Ensure the correct firewall and SSL/TLS configurations are applied

From inside the Prometheus container:

  1. View the Prometheus configuration file located at /etc/prometheus/prometheus.yml

cat /etc/prometheus/prometheus.yml
  1. Find the address of your target

  2. Attempt to curl it from inside that container.

curl <address of your workload>
  1. Ensure the curl request is successful

A failed request can be due to a firewall issue. Ensure your firewall rules allow Prometheus to reach the instance.

If your workload uses TLS communication, Prometheus needs to trust that CA that signed that workload to be able to reach it. For example, if your charm is signed through an integration to Lego, Prometheus needs to have the CA cert in its root store (through a receive-ca-cert relation) so it can communicate in HTTPS with your charm.

How to troubleshoot the AggregatorHostHealth alerts

The HostMetricsMissing and AggregatorMetricsMissing alerts under the AggregatorHostHealth group are similar, with only differences in their severity and the units they are responsible for. As such, the methods to troubleshoot them are identical.

Confirm the aggregator is running

For machine charms, ensure the snap is running by checking its status in the machine hosting it. In this example, we’ll assume that our aggregator is opentelemetry-collector on a machine with ID 0.

  1. Shell into the machine:

juju ssh 0
  1. Check the status of the opentelemetry-collector snap:

sudo snap services opentelemetry-collector

Ensure that the status of the snap is indicated as active.

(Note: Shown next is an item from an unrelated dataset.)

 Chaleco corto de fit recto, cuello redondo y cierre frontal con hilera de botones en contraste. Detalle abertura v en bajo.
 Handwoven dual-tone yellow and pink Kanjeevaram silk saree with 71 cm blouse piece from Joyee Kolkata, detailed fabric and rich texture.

For K8s charms, ensure the relevant pebble service is running by checking its status in the workload container. In this example, we’ll assume we have the opentelemetry-collector k8s charm deployed with the name otel and we want to check the status of the pebble service in the workload container in unit 0. The name of the workload container is otelcol.

Note

You need to know the name of the workload container in order to shell into it. You can find this information by consulting the containers section of a charm’s charmcraft.yaml file. Alternatively, you can use kubectl describe pod to view the containers inside the pod.

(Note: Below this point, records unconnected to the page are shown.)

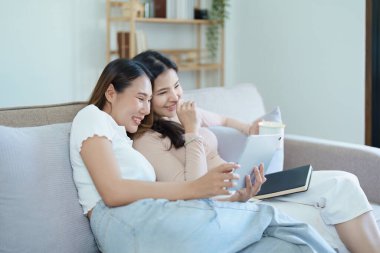 Igbtq, Igbt konsepti, homoseksüellik, iki Asyalı kadının birlikte mutlu poz vermeleri ve kanepede tablet oynarken birbirlerini sevmeleri..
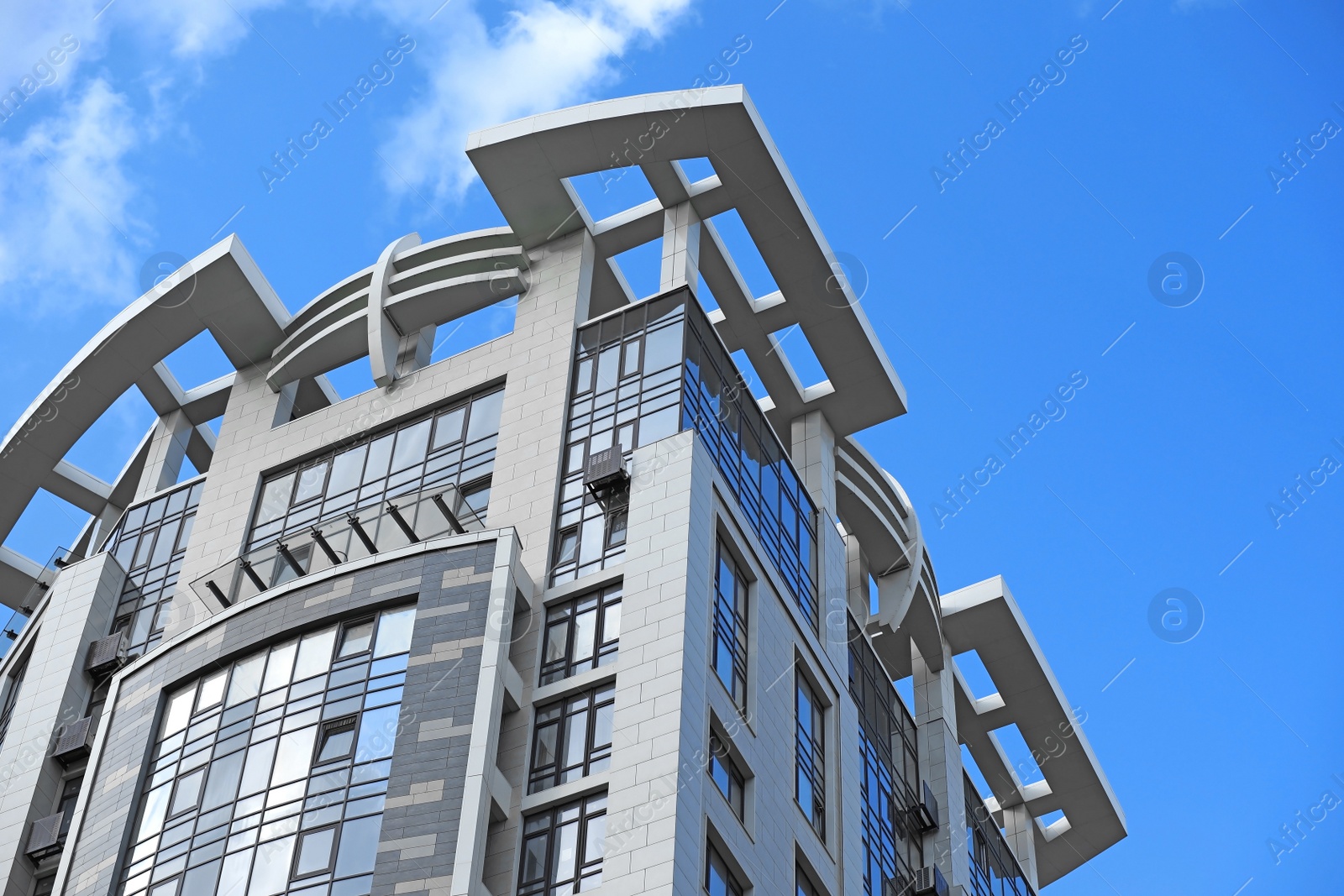 Photo of Low angle view of modern building against blue sky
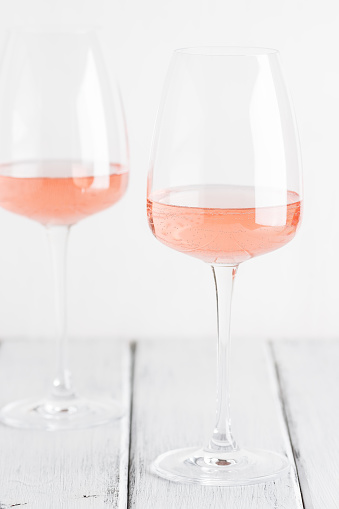 Rose wine in glasses on a white old wooden table. Selective focus. Wine tasting concept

  1. Shell into the workload container:

juju ssh --container otelcol otel/0
  1. Check the status of the otelcol pebble service:

pebble services otelcol

Confirm the backend is reachable

It is possible that the aggregator is running, but failing to remote write metrics into the metrics backend. This can occur if there are network or firewall issues, leaving the aggregator unable to successfully hit the metrics backend’s remote write endpoint.

The causes in these cases can often be revealed by looking at the workload logs and looking for logs that suggest issues in reaching a host. The logs will often mention timeouts, DNS name resolution failures, TLS certificate issues, or more broadly “export failures”.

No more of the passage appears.